Privileged Identities Are Often Overlooked

When I describe this situation to people, it’s usually at this point where they tell me they have an Identity and Access Management (IAM) tool to handle the problem. “No, actually you don’t,” I respond.

Here’s why:  IAM products deal primarily with user accounts associated with personal logins. Organizations use IAM solutions to provision and de-provision users.

However, privileged identities aren’t managed by standard IAM systems. Unlike user identities, privileged identities aren’t typically provisioned. Instead, they appear on the network whenever physical and virtual IT assets get deployed or changed. As a result, it’s necessary to discover and track privileged identities with software that’s separate from conventional IAM. That’s where Privileged Access Management (PAM) comes in.

Privileged identities are separate from user identities. They’re different technologies. Industry analysts write about them in separate reports. Software vendors usually specialize in one or the other. At a fundamental level, the idea of a regular user and a privileged user are different.

If user identities are the keys that employees carry to open the front door of the office, privileged identities are the keys used by the security guards to get into every door in the office building.

User identities are tied to a particular person. All the things in the IT infrastructure connected to that particular person are traced to his or her digital identity.

Privileged identities, on the other hand, are not mapped to a single person. They’re used by many people and sometimes these are not even used by people, like the privileged identities created to run service accounts. So, PAM must account for the fact that the people using a privileged identity may be different at any given time. Therefore, it’s essential to have a way to track who has privileged access, and control what they are doing with that access.

Automating Cybersecurity with Privileged Access Management

Now, let’s bring this back to the question posed at the start. If it’s inevitable that intruders will get in, how will I protect my organization after hackers breach our network perimeter?

Traditional perimeter security tools can’t cope with advanced cyberattacks or carefully crafted social engineering exploits. Once the intruders penetrate the perimeter, conventional IAM solutions don’t defend the powerful privileged identities that attackers need to accomplish their nefarious plans.

But PAM technology does. With a PAM solution you can automatically discover all the privileged accounts throughout your cross-platform network. Just one vulnerable account can open up your entire network to compromise. Manually finding and tracking all the privileged accounts in large enterprise environments is virtually impossible.

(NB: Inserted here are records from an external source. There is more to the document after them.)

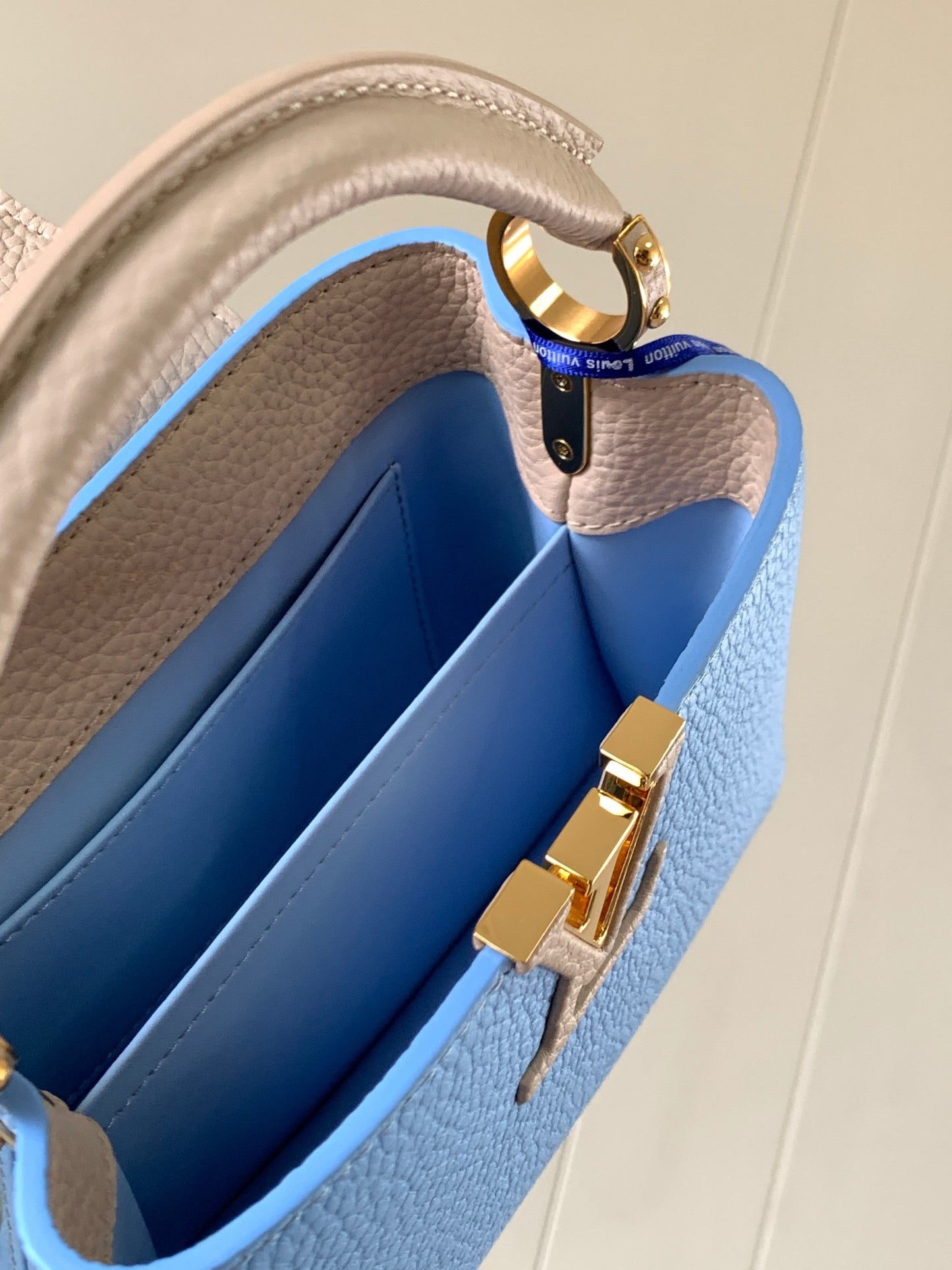 Louis Vuitton Capucines Mini  Bag In Blue With Beige Handle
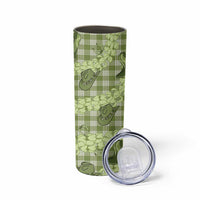 Lime Palaka Hawaii Cowboy Skinny Tumbler Puakenikeni Lei Paniolo Papale Seamless Vibes - Polynesian Pride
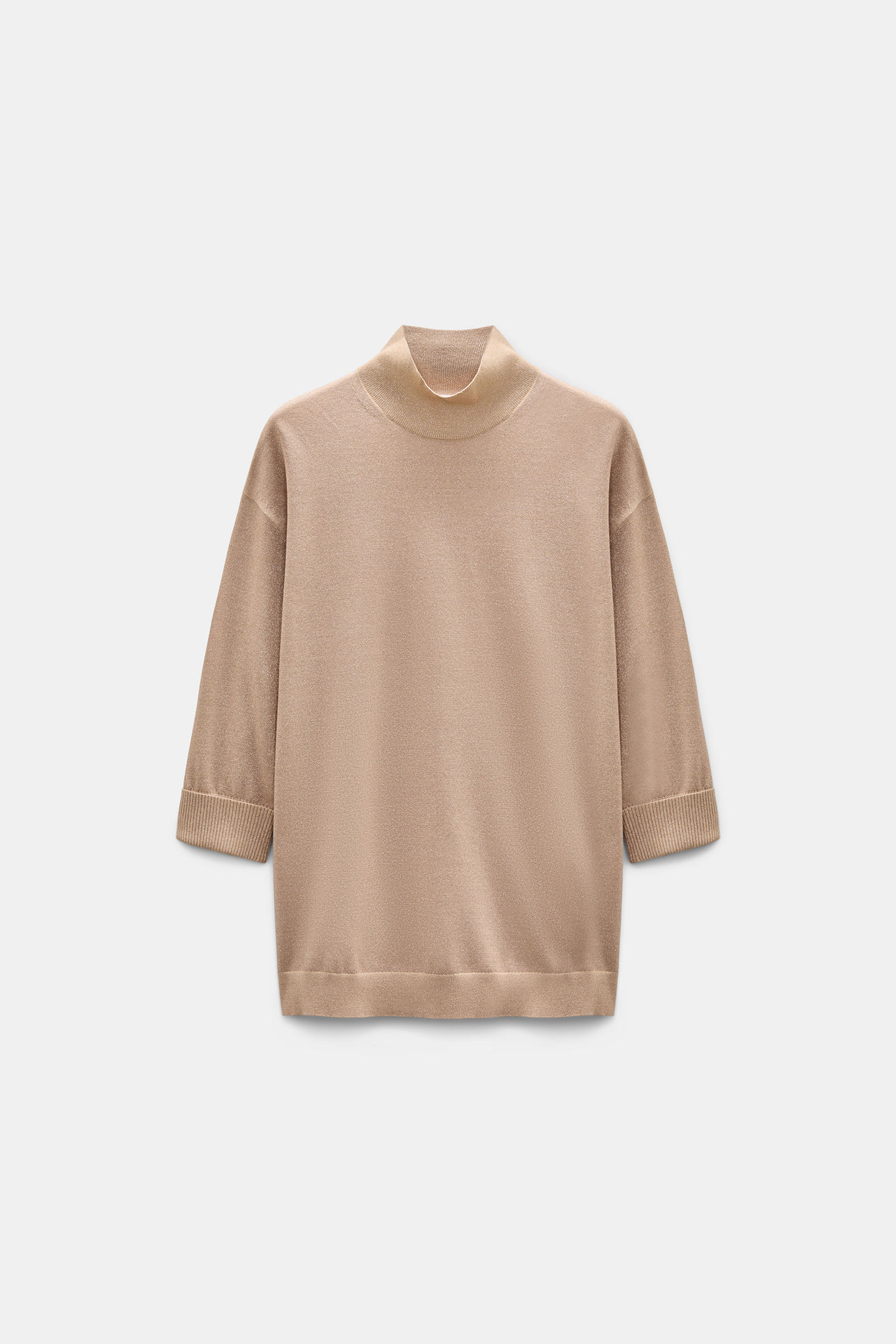 Dorothee Schumacher Rollkragenpullover aus Lurex-Merino-Mix almond Product Front View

And if you can’t find your privileged accounts, you can’t secure them. But just because you may not know where all your privileged accounts reside, doesn’t mean the bad guys can’t locate them – and exploit them. So, finding your privileged accounts is step one.

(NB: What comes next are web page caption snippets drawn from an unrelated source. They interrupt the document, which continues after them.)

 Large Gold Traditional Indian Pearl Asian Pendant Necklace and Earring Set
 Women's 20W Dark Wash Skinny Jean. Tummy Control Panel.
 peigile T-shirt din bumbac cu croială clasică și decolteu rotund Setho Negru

Securing them is step two. That involves generating unique and cryptographically complex credentials for each account – and continuously updating them. Manual password change processes can’t keep up with the scale required in large organizations. But with automated PAM technology you can change these credentials as frequently as your policies require – even every couple of hours. That effectively negates advanced cyberattacks like zero days and keeps intruders from nesting in your environment. The reason being, even when an intruder steals one of your credentials, that stolen credential is time-limited and unique. So, it can’t be leveraged to leapfrog between systems and anonymously extract data.

Once an automated PAM solution finds your privileged accounts and then secures them, the next step is controlling access. Modern PAM technology can ensure that only authorized individuals have access to your powerful privileged accounts and only in a fully audited manner. There’s no more mystery around who had access to what and when.